> Now, checking "signature" instead of chip&pin, now that's an example of blind trust.
If even. I cannot find the original report, but there was a guy who tried all kinds of weird signatures including "I STOLE THIS CARD" and it only took purchasing 3 most expensive TVs and signing "NOT AUTHORIZED" for someone to question him.
Interestingly, the signature could be argued to be better in some cases:
Under British law, a forged signature is never your fault, and the bank/merchant/card processor are liable (I can't remember exactly which, I think it depends). One of the reason that card issuers were so keen to switch to Chip&PIN/EMV is that the liability was turned over to the user. As they thought EMV was "unhackable", always a dangerous thought, it was always assumed that the user had told someone their PIN. It wasn't until relatively recently that the Cambridge University security research group showed that it was crackable, and the banks/etc started taking liability in some cases again.
>> One of the reason that card issuers were so keen to switch to Chip&PIN/EMV is that the liability was turned over to the user.
Not really true.
The main reason was the switch in liability to the merchant, if the merchant accepted a transaction without using EMV and PIN.

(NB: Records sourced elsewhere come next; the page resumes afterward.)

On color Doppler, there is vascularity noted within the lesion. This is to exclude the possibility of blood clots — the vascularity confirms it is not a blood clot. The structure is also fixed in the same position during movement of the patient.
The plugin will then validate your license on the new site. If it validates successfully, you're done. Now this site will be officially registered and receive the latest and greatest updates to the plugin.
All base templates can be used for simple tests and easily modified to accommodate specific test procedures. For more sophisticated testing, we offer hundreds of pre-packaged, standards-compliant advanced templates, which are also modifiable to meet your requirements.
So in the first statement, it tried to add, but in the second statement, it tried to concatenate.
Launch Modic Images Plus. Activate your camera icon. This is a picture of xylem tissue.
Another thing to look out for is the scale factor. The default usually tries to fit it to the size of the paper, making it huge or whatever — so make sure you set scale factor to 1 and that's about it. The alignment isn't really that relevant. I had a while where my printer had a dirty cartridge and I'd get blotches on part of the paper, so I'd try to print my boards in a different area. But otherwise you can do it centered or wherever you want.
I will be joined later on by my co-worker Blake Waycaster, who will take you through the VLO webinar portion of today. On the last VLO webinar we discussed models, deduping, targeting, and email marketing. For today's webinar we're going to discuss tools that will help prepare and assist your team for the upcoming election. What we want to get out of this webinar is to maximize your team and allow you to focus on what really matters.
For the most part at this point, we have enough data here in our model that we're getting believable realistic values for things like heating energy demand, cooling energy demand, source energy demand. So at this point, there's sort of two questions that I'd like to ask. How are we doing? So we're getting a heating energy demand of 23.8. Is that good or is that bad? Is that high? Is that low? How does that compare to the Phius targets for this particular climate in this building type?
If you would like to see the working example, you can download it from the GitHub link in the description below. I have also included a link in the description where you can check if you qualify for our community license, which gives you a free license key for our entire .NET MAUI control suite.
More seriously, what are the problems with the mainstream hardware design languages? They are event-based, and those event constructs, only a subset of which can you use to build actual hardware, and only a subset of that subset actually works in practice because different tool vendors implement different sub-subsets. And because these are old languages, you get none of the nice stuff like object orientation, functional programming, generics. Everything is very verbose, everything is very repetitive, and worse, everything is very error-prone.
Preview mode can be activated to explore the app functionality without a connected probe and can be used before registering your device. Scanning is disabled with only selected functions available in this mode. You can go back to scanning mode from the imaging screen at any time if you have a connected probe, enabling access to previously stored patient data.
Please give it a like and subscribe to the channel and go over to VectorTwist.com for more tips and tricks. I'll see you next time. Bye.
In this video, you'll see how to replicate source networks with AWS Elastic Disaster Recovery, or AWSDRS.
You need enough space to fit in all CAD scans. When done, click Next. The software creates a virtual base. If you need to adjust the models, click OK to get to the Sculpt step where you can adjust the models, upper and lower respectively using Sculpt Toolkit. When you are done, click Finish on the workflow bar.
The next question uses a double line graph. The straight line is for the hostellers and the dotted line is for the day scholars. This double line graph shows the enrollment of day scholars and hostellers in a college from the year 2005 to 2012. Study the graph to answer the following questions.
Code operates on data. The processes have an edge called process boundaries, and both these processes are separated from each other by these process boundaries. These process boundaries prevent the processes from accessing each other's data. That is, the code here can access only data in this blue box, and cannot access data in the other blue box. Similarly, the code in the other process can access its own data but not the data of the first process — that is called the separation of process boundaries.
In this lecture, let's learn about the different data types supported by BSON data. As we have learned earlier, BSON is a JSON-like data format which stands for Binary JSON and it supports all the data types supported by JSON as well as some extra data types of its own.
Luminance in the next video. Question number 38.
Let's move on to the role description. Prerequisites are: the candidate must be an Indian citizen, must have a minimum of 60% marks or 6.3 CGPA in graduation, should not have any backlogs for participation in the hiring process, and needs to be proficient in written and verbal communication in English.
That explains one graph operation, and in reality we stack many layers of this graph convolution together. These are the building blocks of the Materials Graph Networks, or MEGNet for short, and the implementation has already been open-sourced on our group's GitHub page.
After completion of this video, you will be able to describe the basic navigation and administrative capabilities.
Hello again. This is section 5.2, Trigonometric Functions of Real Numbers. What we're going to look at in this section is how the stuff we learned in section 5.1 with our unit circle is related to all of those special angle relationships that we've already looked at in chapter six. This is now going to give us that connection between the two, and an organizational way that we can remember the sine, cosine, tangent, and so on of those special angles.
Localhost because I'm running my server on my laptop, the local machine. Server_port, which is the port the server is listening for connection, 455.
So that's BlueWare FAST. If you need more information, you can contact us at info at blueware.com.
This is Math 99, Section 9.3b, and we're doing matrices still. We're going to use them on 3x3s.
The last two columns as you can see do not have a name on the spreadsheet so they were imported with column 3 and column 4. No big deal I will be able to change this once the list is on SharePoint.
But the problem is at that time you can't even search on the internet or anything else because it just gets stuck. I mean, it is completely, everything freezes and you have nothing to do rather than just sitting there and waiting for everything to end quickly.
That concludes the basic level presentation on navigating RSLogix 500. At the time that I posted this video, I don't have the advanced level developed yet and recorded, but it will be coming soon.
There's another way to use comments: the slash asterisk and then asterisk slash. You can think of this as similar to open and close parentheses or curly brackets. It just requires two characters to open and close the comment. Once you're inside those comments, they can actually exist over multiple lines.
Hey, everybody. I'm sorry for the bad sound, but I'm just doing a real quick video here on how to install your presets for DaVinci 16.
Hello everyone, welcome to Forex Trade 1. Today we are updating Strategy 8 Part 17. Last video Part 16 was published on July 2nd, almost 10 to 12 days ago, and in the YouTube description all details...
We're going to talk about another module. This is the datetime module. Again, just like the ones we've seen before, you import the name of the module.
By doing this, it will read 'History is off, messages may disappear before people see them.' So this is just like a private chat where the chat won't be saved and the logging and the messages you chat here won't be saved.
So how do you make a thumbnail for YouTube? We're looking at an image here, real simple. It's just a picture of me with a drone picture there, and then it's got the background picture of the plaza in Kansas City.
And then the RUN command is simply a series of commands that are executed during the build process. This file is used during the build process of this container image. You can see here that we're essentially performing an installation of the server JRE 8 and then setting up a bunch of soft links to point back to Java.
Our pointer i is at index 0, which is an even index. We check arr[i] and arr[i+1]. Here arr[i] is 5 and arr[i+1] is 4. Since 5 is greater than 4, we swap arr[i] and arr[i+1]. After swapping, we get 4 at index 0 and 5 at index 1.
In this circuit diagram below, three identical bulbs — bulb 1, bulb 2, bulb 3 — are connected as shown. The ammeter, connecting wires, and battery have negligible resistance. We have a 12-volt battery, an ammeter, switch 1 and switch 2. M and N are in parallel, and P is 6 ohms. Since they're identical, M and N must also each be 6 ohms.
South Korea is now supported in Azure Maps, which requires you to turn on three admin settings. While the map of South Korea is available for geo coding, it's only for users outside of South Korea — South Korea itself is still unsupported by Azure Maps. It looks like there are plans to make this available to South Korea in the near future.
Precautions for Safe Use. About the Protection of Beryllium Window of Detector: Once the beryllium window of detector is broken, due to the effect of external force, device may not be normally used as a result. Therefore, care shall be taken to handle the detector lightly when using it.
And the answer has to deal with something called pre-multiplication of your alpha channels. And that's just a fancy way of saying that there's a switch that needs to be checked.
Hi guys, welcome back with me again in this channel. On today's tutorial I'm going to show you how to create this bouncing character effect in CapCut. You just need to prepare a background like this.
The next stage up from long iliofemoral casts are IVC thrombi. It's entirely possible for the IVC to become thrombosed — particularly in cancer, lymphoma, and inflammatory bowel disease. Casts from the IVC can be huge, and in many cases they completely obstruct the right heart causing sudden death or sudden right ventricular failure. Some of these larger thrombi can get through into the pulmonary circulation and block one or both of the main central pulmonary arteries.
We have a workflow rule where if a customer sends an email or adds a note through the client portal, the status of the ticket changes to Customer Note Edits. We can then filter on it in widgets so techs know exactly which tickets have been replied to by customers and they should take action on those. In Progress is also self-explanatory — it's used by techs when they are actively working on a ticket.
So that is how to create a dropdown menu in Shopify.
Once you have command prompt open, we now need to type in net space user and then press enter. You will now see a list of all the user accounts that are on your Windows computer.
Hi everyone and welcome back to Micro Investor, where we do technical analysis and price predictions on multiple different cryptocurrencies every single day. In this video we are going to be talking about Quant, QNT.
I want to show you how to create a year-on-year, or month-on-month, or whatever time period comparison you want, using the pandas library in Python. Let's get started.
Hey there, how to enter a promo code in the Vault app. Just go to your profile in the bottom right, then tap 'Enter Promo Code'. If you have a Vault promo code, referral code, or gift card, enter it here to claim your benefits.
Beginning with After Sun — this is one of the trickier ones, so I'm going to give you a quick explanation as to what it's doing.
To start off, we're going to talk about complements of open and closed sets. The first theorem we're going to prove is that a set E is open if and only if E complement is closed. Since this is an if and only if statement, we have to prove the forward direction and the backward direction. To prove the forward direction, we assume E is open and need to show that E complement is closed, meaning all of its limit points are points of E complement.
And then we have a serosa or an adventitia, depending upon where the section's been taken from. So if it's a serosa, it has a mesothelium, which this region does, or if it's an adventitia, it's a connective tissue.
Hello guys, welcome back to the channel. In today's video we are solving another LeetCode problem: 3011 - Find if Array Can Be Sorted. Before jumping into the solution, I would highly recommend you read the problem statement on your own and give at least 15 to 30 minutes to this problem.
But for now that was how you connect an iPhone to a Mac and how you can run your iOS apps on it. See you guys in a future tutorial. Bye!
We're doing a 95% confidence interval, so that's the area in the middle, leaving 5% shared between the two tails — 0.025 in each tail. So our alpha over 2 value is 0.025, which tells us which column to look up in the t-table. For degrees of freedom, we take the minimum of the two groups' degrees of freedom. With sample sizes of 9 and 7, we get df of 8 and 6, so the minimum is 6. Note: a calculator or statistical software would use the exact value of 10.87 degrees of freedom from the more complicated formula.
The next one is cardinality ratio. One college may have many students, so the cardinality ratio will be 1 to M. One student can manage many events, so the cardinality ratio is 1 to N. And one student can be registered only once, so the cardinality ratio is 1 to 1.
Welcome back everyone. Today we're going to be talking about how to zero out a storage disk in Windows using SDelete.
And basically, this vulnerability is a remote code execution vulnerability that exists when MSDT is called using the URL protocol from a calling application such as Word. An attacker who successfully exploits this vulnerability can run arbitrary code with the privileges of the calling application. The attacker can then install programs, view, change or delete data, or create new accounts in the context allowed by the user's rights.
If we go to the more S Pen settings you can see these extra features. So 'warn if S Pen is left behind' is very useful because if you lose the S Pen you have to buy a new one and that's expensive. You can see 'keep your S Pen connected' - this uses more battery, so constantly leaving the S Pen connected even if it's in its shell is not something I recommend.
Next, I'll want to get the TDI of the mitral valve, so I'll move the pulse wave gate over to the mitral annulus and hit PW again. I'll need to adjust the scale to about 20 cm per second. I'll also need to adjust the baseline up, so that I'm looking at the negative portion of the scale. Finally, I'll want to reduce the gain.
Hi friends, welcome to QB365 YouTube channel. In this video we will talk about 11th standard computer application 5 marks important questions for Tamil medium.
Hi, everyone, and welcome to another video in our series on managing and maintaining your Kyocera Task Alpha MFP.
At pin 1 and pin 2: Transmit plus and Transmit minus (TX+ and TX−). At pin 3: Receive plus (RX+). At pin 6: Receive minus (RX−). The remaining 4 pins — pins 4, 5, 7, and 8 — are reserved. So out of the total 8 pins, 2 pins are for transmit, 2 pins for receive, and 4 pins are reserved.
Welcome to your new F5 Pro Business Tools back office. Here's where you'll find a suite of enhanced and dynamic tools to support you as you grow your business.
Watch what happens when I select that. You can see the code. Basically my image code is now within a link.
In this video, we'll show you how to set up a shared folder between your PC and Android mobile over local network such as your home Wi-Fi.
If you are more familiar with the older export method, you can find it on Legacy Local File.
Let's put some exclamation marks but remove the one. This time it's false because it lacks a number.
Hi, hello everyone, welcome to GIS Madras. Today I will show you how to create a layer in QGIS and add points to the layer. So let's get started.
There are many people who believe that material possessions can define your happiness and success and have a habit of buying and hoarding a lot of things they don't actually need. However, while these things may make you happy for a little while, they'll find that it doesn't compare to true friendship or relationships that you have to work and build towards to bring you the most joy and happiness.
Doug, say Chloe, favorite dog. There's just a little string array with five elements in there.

AFAICT the Cambridge research isn't really that relevant, it doesn't really give you practical attacks, and it's not so much a crack on the chip security itself as it is a piece of Man-In-The-Middle hardware (IIRC, haven't read it for a couple of years).
Under UK law, with a credit card (debit is different), the liability is never with the user. The bank may claim that it was obviously you that did it, or that you gave away your PIN, but where credit is concerned they legally have to refund you the money pending an investigation.
Debit is less strongly protected and comes under banking rules and guidelines, and if you report unauthorised activity as fraud they will usually still take your side.
--edit-- I'm not trying to say EMV is bulletproof, nothing is bulletproof, but the primary method anyone's going to use to get your PIN is still social engineering, or possibly some sort of compromised terminal hardware, which they'd have to make from scratch because accredited devices disable themselves if they detect they've been tampered with.
I have no doubt you're right, and the banks absolutely should not reject fraud reports based on PIN.
I've had a read of the first paper there, the nopin one, and it reads like a really preventable flaw in the IAD, which (as it's issuer specific) could be very easily fixed without the involvement of terminal vendors. I agree with the conclusion that the TVR is a flawed concept though, I had always assumed (never having worked directly for an issuer) that there would be enough data in the IAD to marry up the terminal and card perspectives on what had happened.
And on the second one I'd be the first to agree that SDA and offline-plaintext PIN are a bad idea, I could have told you that when I did my first implementation in 2001!
--edit-- I had actually assumed that by now the cost differential between SDA/plaintext and DDA(or CDA)/encrypted cards would be so small that nobody would use the SDA cards any more. Guess I was wrong!
Actually that's subjective. If the overall fraud is lower then (potentially, I'm sure this doesn't actually happen) fees, charges, interest rates etc could be lower for all users, therefore they would benefit from security that lowered the overall cost of fraud and the overall number of incidences of fraud, even if individuals that directly experience fraud are worse off.
Yes, but "security" isn't "overall cost", its about risk. I am more secure, even if my expected cost is higher, if I don't directly bear any risk of unconsented loss even if the overall incidence of fraud is higher and I am paying a distributed share of those costs.
If even. I cannot find the original report, but there was a guy who tried all kinds of weird signatures including "I STOLE THIS CARD" and it only took purchasing 3 most expensive TVs and signing "NOT AUTHORIZED" for someone to question him.